Dans son très beau Journal pauvre, paru en 2018 aux éditions de La Clé à Molette, l'écrivaine Frédérique Germanaud raconte et met en question son choix de quitter tout travail salarié pour se consacrer à l'écriture. Cette interrogation, qui se pose forcément à celles et ceux qu'habite le désir de création (littéraire, picturale ou autre) me touche profondément et elle y répond avec une franchise et une élégance remarquables.
"Je réfléchis. Expérimenter le dénuement, être attentive à ceux qui vivent de très maigres subsides, à ceux qui ont choisi de ne donner qu'un minimum de leur temps contre salaire, ou de se consacrer à une activité peu rémunératrice. Elle est jardinière, elle est danseuse contemporaine, elle donne des cours de yoga, elle anime des ateliers d'écriture. Oui, des femmes surtout ont fait ces choix, et pas des femmes ayant des maris à revenu. Elles vivent plutôt seules, parfois à la campagne, conduisent de très vieilles voitures qui n'ont ni radio, ni verrouillage centralisé des portes. Malgré le manque d'argent, elles vivent large : amicales, généreuses, créatives, lectrices. Curieuses. Elles se sont volontairement retirées de ce carcan qu'on tente de nous imposer. Je les admire. J'admire leur courage et leur joie de vivre, la qualité de leur choix. Elle est écrivain. Elle cultive des plantes médicinales. Tu tourneras ces exemples en dérision, et je préfère donc ne pas en parler. Trouver des ressources, en soi et au dehors... " (p. 15)
Un livre à lire, donc.
People like that are to be treasured.
RépondreSupprimerI totally agree !
RépondreSupprimerLorsque l'on fait le choix d'explorer nos ressources, de puiser dans nos trésors intérieurs, l'extérieur a beaucoup moins d'importance. On reste libre, n'est-ce pas là une très grande richesse ? On est, on n'essaie pas de paraître. Mercie Anne pour cette proposition de lecture, à tout bientôt, belle journée. brigitte
RépondreSupprimerC'est la vraie richesse, je pense, celle qui ne peut nous être enlevée. Et qui nous ouvre aux autres et au monde, aussi. A condition (et c'est la question que pose ce livre) de réussir à survivre, de ne pas engloutir son énergie dans la survie...
SupprimerToujours trouver l'équilibre.
Bonne journée chère Brigitte.
Merci de me signaler ce livre. J'en avais déjà entendu parler.
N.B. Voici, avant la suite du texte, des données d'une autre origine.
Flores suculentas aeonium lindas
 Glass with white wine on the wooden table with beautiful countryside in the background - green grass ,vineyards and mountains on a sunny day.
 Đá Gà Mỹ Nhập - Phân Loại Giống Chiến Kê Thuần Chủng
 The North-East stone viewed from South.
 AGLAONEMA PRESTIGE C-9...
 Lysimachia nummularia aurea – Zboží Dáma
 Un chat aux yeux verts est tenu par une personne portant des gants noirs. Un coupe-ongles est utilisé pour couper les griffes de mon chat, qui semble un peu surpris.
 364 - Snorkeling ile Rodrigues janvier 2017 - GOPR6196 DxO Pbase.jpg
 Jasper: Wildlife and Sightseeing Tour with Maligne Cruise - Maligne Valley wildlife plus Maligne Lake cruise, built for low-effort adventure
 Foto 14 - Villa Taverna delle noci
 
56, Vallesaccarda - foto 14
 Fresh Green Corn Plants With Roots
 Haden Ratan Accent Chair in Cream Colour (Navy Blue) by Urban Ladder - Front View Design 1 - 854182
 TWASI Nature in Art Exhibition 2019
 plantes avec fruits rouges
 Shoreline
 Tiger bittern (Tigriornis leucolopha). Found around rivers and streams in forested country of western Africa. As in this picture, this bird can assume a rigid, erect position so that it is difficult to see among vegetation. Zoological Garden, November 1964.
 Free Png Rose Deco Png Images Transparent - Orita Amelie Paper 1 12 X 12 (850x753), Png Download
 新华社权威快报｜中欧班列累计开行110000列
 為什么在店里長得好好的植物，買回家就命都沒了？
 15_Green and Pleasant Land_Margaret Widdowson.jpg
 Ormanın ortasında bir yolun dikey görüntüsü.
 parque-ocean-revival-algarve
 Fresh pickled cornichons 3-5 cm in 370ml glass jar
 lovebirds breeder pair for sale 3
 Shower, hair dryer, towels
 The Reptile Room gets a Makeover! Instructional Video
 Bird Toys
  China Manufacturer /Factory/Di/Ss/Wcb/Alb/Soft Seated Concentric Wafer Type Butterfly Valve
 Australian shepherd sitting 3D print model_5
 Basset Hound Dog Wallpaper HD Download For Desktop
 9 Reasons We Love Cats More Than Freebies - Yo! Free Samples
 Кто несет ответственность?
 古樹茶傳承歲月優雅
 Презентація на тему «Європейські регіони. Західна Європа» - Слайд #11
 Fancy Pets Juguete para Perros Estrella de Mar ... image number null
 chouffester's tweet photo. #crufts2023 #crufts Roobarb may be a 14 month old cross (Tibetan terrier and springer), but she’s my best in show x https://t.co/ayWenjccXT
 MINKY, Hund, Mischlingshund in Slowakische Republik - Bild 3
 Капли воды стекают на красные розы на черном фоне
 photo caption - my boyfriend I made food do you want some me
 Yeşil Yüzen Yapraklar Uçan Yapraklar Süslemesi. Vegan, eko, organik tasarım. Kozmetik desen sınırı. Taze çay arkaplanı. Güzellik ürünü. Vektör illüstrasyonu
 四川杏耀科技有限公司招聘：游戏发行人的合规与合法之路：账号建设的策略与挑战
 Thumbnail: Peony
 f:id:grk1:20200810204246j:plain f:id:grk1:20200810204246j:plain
Beaucoup d'écrivains sont au RSA. Cela ne se dit pas, mais c'est une réalité. La démarche de cet auteur est particulièrement courageuse et montre combien l'engagement pour l'écriture doit être total - je pense à Charles Juliet, par exemple - et être aussi le choix de la liberté.
RépondreSupprimerToutefois, je me pose toujours la question de savoir si pour être un grand écrivain il faut faire ces choix radicaux... Et je pense à tous ceux que je côtoie au quotidien dans mes engagements et qui sont pauvres sans l'avoir choisi.
C'est une question complexe, vraiment complexe. Merci !
Je suis heureuse que ce texte vous parle, Marie. Je ne saurais trop vous en conseiller la lecture. Un livre de glaneuse et de contemplatrice. De guerrière, aussi, qui se bat pour ne pas être une victime.
SupprimerEt une très belle écriture.
Je me pose les mêmes questions que vous, jour après jour.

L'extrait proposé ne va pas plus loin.